CAIRO: Palestine needs $1.8 billion to develop its economy from 2014 to 2016, according to the annual report of United Nations Conference on Trade and Development (UNCTAD,) released Wednesday.
“The situation in reality is graver than what is mentioned in the report, as it was prepared before the latest Israeli offensive operation on Gaza strip,” said Mutasim Elagraa, the Economic Affairs officer in the Assistance to the Palestinian People Unit in UNCTAD in a press conference held in the U.N.’s Cairo office.
The end of the military occupation is a pressing need for the relief of the Palestinian economy, the report stated.
“The destruction caused by the latest military operations in Gaza will accelerate the continuous growth slowdown of the Palestinian development,” UNCTAD said in a press statement Wednesday.
Economic growth in the Palestinian territories declined by 9.5 percent over the last three years, increasing only 1.5 percent in 2013 compared with 11 percent in 2010-2012, the report said, adding that the growth rate in the West Bank reached 0.4 percent of the gross domestic product (GDP) while it hit 4.5 percent of GDP in Gaza in 2013.
Due to Israeli activities and restrictions on the Palestinian people and goods and the continuation of the financial crisis, the economy still suffers from the recession despite aid, the report said.
UNCTAD asked donors states to provide the Palestinian people the humanitarian aid and called for establishing investments, for lifting the Israeli blockade; building an airport and maritime port; connecting the West Bank to Gaza Strip and the Eastern Jerusalem .

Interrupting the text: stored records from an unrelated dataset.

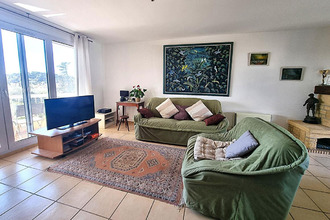 appartement toulon 83100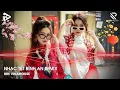 Lagu NHẠC TẾT CĂNG NHẤT 2026 - NHẠC ĐÓN TẾT 2026 HAY NHẤT | NHẠC REMIX CHÀO XUÂN BÍNH NGỌ 2026 HAY NHẤT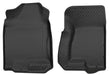 Husky Liners 31301 Classic Style Series - Truck Part Superstore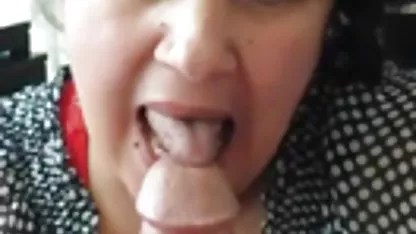 - معرفی کانال فیلم سوپر Periscope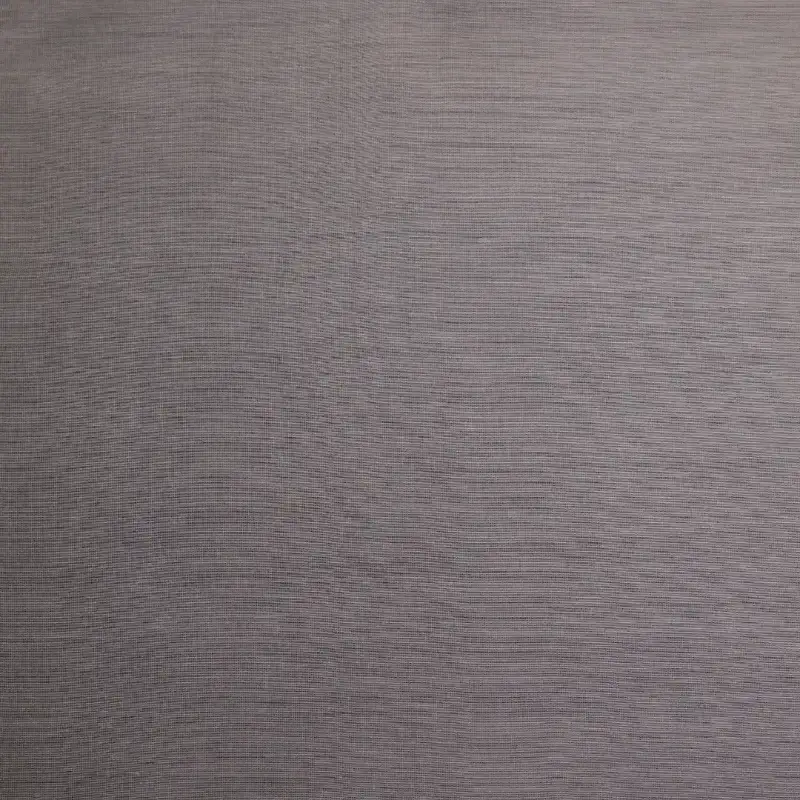 China Fabric for Shirt Rayon Plain Natural Woven Fabric Tencel Polyester White color buy from China wholesaler bulk order at wholesale price free worldwide shipping Alibaba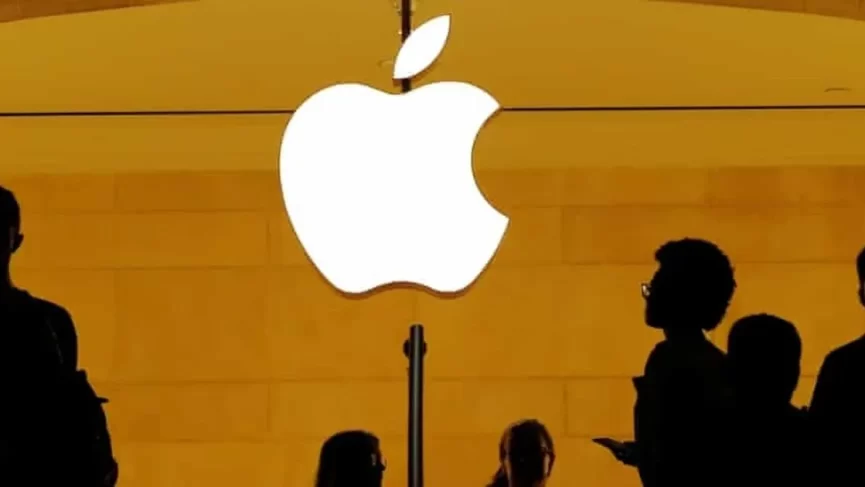 Terus Disindir, Inilah 7+ Strategi Pemasaran Apple Agar Tetap Jadi Pilihan Konsumen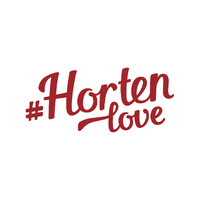 Hortenlove logo - Similar company to Kobben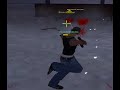 MTA.SA || Freeroam P || [808]xYz Vs [SW]F16 #Part4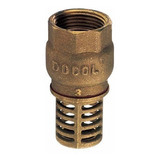 Docol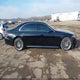 W1K6G7GBXNA153692 2022 Mercedes-Benz S 580 4Matic auction photo thumbnail 13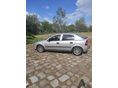 OPEL ASTRA G 1.4 16V Classic II Family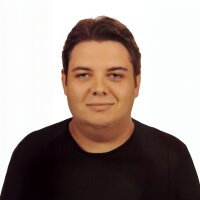 onurar profil fotoğrafı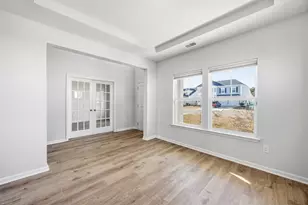 5724 Whitebark Dr, Myrtle Beach, SC 29577 - Photo 22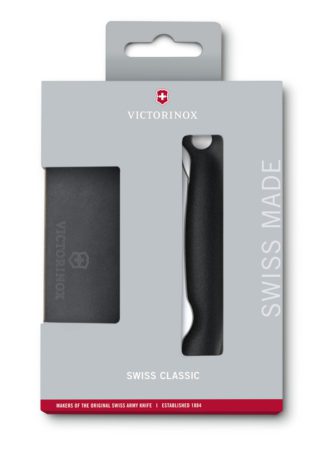Набор VICTORINOX Swiss Classic 6.7191.F1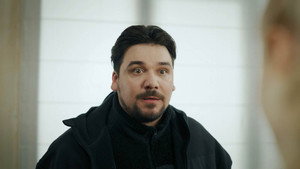 Still from Episode 20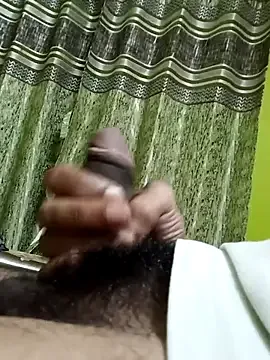 neelzzzz free live xxx cams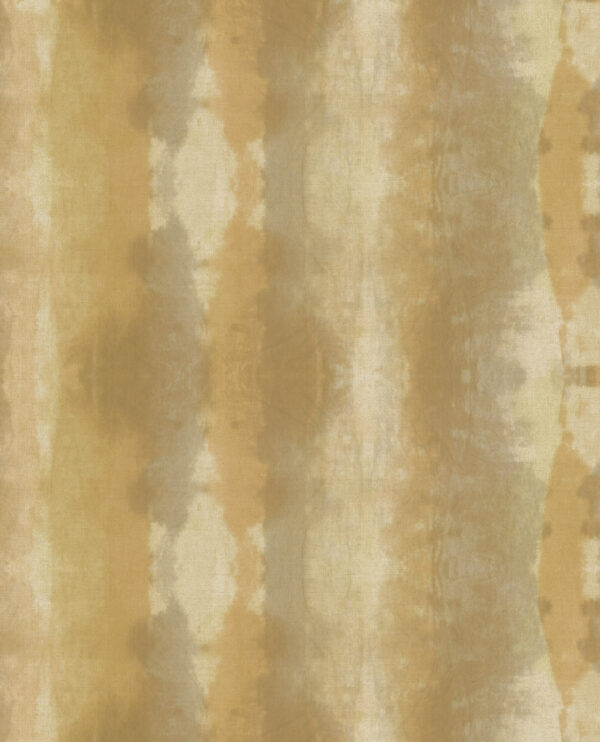 eijffinger-eijffinger-streifentapete-stripes-377080-textiloptik-beige.jpg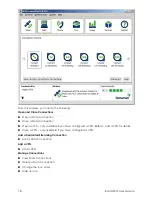 Preview for 86 page of Hughes 9201 User Manual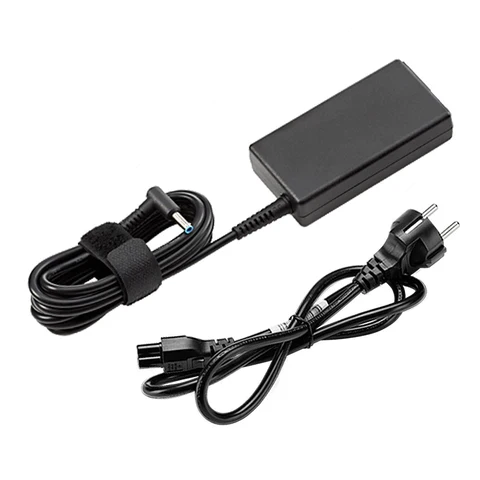 45W HP Pavilion 15-eg0026na Adaptateur CA Chargeur - Europe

A donor conference for Gaza reconstruction will be held in Cairo in October , co-hosted by Egypt and Norway, on the condition that both sides reach a permanent ceasefire agreement.
In the recent conflict, over 2,104 Palestinians were killed, including 1,462 civilians, while 69 Israelis were killed, including four civilians and one foreign national, according to the United Nations Office for the Coordination of Humanitarian Affairs.